Exercise instructions —
Of all the lines in the entries below, give again exactly those starting at the line containing "Jeans Alex Vicolo" and ending at the line containing "Read more about", both ends included, and no others.

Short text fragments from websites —
'''
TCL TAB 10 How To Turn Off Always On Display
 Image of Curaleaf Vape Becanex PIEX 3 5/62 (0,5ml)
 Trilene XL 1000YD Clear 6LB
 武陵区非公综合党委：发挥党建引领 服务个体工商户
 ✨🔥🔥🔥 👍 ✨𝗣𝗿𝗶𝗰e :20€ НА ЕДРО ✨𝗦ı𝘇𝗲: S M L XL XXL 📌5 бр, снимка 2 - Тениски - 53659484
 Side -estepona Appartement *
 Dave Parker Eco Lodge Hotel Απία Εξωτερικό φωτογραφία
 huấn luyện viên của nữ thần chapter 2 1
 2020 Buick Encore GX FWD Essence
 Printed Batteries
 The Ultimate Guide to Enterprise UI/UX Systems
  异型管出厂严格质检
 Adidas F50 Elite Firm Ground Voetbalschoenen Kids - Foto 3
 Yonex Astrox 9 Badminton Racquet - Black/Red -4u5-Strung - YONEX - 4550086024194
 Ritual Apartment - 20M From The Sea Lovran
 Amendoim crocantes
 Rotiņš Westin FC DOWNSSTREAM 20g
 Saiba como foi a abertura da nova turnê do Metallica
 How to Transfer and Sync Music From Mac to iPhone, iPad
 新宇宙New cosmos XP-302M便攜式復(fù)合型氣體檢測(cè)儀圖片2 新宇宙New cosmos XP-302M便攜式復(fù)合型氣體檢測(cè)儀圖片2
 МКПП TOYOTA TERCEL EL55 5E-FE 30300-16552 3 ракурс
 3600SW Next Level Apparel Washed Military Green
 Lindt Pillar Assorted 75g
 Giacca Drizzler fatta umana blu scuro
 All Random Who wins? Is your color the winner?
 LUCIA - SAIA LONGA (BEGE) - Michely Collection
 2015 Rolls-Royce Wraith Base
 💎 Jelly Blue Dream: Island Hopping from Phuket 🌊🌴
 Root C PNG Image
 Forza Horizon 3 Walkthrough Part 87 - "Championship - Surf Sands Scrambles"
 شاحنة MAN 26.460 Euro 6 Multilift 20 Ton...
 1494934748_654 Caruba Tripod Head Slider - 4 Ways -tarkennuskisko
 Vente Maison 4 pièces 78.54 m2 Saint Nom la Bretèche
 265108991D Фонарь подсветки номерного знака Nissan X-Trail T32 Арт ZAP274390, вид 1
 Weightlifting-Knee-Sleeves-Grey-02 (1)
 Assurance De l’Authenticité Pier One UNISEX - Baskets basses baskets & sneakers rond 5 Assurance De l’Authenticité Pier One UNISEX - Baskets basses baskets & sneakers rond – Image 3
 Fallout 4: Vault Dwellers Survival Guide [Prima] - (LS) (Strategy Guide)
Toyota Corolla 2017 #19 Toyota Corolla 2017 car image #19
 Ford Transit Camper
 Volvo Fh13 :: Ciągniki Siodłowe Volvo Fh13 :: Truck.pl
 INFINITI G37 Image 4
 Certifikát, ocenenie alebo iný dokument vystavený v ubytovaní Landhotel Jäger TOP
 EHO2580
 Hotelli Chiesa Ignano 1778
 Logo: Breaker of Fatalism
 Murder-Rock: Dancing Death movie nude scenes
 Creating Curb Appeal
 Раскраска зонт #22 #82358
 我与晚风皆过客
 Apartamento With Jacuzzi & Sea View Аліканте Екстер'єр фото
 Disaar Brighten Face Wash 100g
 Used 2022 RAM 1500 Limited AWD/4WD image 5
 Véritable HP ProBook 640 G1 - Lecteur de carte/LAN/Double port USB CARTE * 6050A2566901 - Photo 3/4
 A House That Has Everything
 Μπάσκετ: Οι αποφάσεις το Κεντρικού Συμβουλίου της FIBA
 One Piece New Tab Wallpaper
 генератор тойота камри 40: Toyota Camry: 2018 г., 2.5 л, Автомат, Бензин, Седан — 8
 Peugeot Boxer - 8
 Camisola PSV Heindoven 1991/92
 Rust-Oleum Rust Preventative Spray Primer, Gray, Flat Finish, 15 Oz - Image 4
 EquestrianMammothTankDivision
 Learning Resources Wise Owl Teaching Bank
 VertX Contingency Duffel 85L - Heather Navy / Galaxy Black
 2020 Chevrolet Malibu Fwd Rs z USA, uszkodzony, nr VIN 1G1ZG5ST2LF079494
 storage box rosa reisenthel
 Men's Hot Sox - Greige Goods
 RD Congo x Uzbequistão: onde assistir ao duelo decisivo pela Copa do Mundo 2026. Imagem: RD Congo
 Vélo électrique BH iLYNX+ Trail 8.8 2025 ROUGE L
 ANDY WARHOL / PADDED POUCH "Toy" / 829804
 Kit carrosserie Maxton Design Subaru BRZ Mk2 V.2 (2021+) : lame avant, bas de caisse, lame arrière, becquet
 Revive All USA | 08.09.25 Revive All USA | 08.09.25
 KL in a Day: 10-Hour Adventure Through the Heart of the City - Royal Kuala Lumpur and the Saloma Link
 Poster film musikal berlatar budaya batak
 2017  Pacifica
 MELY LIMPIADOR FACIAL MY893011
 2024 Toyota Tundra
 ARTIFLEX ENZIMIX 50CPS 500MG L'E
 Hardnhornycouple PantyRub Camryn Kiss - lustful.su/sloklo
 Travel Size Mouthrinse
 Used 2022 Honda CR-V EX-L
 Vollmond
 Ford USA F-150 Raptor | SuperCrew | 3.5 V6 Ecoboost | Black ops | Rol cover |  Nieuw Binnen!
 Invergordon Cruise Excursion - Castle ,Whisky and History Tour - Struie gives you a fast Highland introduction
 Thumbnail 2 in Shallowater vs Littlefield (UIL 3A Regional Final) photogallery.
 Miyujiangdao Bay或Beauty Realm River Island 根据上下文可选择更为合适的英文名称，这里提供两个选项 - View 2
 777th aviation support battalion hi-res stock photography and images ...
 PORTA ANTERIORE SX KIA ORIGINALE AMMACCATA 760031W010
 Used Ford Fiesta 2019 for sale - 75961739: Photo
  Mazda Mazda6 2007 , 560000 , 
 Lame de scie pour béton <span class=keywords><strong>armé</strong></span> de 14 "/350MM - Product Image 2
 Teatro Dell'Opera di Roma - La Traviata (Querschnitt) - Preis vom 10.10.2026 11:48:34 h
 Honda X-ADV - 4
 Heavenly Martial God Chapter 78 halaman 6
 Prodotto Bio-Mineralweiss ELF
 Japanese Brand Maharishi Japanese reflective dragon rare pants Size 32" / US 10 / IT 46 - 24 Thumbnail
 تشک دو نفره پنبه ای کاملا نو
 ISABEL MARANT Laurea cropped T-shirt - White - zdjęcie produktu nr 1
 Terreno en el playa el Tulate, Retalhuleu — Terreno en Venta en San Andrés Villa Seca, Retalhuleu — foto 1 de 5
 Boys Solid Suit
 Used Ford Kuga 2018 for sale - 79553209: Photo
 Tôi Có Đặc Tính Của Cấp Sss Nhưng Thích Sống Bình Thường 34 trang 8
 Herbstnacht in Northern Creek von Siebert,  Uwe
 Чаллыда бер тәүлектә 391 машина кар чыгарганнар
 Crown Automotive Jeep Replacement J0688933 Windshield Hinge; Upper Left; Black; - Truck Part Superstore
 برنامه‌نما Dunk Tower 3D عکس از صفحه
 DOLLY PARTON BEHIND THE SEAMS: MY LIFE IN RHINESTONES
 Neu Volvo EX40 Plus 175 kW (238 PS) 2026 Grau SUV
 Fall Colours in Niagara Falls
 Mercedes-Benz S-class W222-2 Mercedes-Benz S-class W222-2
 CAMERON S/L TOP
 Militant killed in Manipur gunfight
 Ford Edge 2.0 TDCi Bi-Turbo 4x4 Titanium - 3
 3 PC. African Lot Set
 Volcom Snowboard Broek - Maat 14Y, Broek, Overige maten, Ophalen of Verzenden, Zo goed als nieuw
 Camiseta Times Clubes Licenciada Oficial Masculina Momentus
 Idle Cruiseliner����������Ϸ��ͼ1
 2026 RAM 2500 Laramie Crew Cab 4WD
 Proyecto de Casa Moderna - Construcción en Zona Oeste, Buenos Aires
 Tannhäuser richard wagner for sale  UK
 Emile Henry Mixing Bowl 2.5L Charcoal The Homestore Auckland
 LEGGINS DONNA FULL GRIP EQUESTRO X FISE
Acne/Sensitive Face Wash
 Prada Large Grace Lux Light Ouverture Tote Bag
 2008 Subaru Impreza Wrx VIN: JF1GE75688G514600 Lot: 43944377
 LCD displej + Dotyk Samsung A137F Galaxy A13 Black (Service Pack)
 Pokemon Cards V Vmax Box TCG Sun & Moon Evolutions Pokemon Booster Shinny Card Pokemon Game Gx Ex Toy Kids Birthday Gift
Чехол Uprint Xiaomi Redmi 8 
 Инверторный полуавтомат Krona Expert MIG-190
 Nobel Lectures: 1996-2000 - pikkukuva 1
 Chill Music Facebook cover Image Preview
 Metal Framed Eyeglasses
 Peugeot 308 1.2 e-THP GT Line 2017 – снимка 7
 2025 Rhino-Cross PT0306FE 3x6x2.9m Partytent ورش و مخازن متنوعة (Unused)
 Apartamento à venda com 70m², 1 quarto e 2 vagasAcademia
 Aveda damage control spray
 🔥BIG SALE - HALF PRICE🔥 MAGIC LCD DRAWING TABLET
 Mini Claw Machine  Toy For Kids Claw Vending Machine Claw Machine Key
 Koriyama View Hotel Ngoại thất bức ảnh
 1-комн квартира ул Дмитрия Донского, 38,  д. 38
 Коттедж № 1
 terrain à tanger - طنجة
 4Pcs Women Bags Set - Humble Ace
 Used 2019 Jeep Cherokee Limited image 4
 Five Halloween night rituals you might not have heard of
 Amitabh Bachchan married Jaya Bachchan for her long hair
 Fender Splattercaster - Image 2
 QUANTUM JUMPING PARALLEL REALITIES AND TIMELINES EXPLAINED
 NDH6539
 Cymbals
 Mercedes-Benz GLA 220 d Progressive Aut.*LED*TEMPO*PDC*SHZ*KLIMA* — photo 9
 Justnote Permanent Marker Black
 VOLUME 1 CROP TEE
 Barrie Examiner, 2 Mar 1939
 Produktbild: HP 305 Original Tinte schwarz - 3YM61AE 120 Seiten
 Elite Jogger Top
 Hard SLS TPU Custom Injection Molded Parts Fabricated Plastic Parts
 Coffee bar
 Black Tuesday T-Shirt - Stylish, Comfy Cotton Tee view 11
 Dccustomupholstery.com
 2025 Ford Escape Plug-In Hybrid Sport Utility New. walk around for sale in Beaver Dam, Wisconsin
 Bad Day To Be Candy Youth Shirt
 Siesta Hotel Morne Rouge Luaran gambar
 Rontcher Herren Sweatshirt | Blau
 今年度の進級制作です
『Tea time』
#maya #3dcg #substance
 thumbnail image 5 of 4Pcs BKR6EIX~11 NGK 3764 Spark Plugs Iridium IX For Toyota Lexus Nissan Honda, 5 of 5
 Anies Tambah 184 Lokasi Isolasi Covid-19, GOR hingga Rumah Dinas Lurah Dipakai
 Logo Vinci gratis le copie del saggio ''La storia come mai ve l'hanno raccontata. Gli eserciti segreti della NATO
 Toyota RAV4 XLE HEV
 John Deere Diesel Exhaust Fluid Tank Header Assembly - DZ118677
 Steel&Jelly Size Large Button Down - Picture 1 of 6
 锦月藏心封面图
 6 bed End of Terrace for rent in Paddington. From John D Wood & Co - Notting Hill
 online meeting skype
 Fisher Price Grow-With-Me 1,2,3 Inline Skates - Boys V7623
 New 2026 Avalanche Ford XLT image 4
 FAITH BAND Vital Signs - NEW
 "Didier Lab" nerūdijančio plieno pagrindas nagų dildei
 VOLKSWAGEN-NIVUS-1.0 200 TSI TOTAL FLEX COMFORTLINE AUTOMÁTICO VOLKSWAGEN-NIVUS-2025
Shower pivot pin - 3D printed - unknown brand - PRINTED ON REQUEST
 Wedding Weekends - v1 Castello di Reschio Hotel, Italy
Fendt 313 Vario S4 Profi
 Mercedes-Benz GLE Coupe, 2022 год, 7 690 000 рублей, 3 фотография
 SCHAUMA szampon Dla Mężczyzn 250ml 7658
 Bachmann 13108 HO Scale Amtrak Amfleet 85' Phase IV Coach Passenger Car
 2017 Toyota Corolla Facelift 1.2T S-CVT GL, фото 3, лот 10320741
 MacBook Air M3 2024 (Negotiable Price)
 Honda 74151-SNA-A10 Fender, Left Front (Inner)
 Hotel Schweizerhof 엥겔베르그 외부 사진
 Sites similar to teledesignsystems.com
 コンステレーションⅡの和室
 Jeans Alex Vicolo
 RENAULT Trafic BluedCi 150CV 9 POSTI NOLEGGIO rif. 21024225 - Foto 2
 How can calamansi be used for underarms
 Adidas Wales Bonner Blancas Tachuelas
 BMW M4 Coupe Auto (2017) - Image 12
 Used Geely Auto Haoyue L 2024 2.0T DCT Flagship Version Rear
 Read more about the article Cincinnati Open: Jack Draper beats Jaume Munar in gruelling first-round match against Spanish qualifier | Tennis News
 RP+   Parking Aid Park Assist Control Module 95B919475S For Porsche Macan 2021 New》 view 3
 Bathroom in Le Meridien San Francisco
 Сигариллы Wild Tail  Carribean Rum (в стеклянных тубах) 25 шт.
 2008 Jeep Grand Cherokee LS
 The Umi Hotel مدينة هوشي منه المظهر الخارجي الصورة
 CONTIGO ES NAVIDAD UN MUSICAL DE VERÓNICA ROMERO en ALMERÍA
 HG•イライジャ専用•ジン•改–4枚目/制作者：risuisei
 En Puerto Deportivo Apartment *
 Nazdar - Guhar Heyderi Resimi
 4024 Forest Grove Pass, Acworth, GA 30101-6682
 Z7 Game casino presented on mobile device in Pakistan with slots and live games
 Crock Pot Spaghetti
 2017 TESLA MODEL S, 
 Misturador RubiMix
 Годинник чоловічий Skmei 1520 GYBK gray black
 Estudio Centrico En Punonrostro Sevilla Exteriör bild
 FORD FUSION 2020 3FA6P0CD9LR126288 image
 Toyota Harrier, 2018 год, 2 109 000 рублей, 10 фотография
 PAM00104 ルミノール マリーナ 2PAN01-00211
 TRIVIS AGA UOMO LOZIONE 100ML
'''
Solution for this problem —
 Jeans Alex Vicolo
 RENAULT Trafic BluedCi 150CV 9 POSTI NOLEGGIO rif. 21024225 - Foto 2
 How can calamansi be used for underarms
 Adidas Wales Bonner Blancas Tachuelas
 BMW M4 Coupe Auto (2017) - Image 12
 Used Geely Auto Haoyue L 2024 2.0T DCT Flagship Version Rear
 Read more about the article Cincinnati Open: Jack Draper beats Jaume Munar in gruelling first-round match against Spanish qualifier | Tennis News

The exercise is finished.